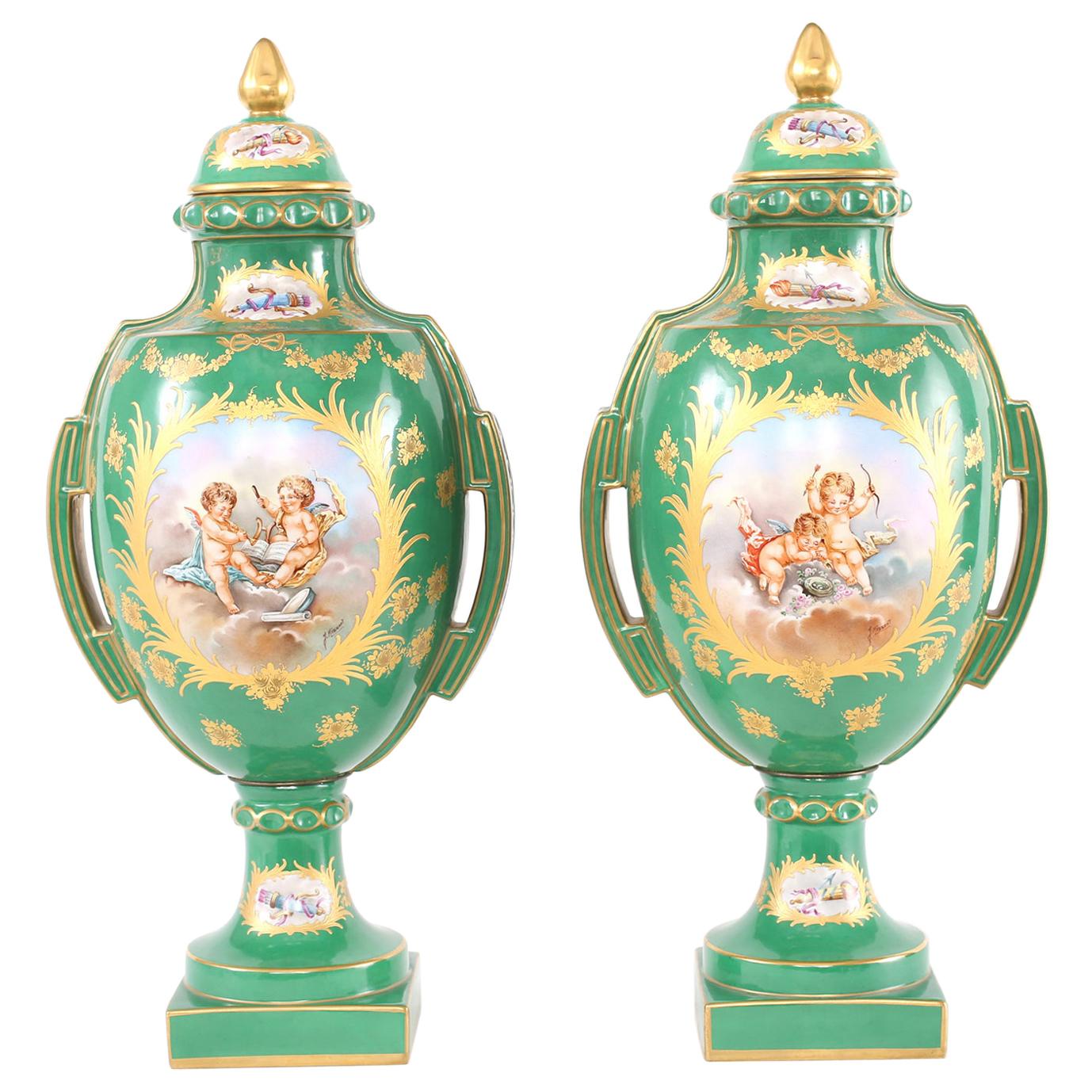Coppia di urne coperte in Dresden Porcelain dorata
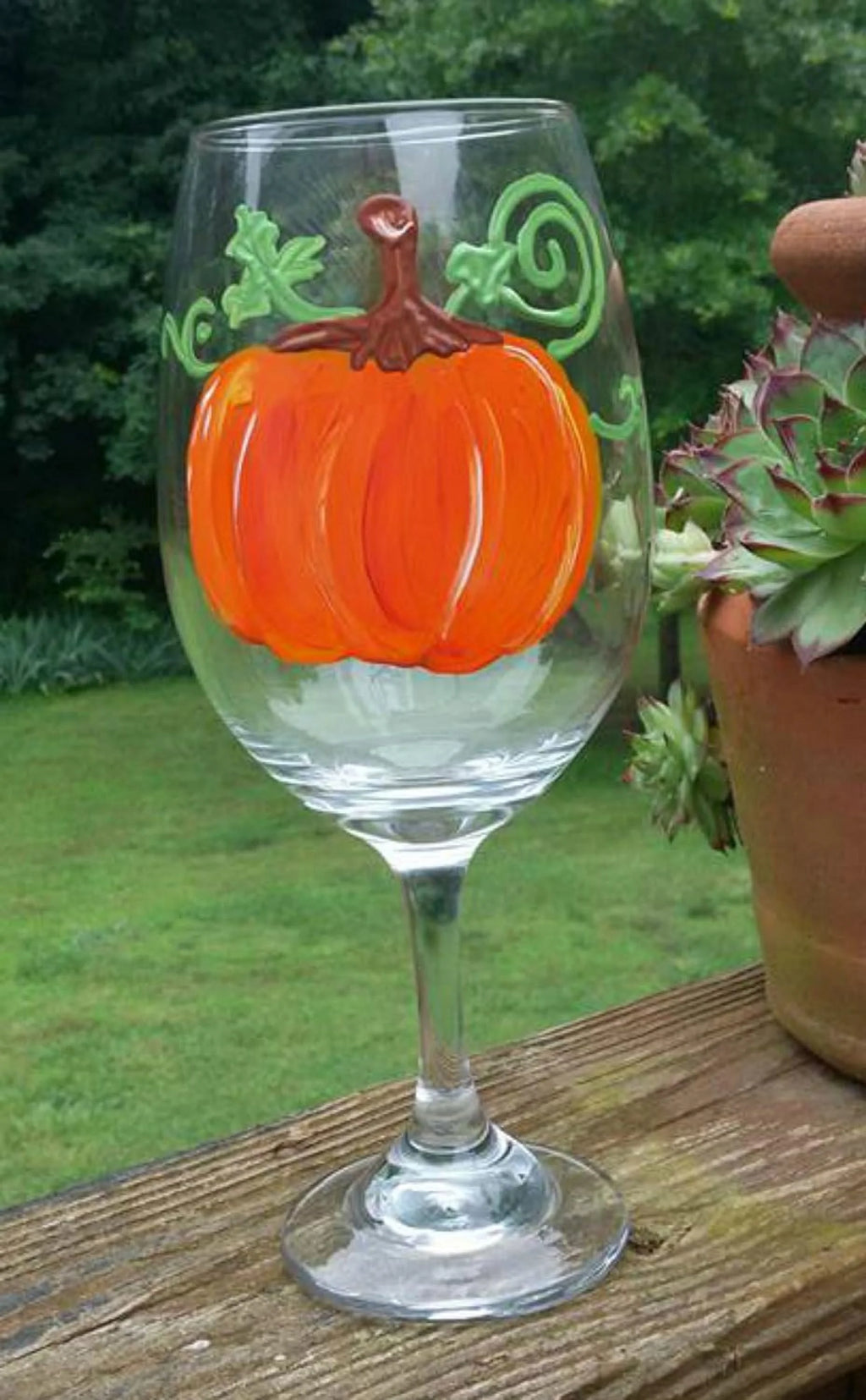 2 Hand Painted Stemmed Wine Glasses Set L636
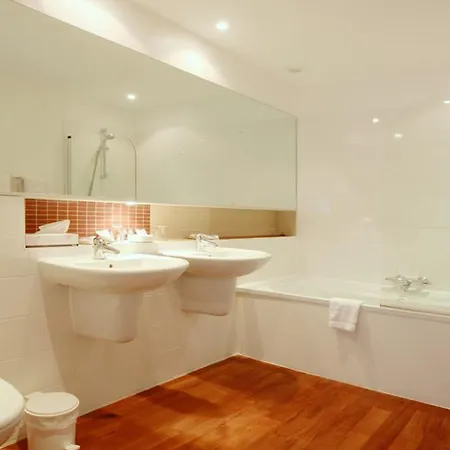 Bed and breakfast Chateau De La Prade 4*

_____

- **Work instruction**
Copy the data word for word and omit every picture.

- **Response**
Coppia di urne coperte in Dresden Porcelain dorata
 2 Hand Painted Stemmed Wine Glasses Set L636
 Bed and breakfast Chateau De La Prade 4*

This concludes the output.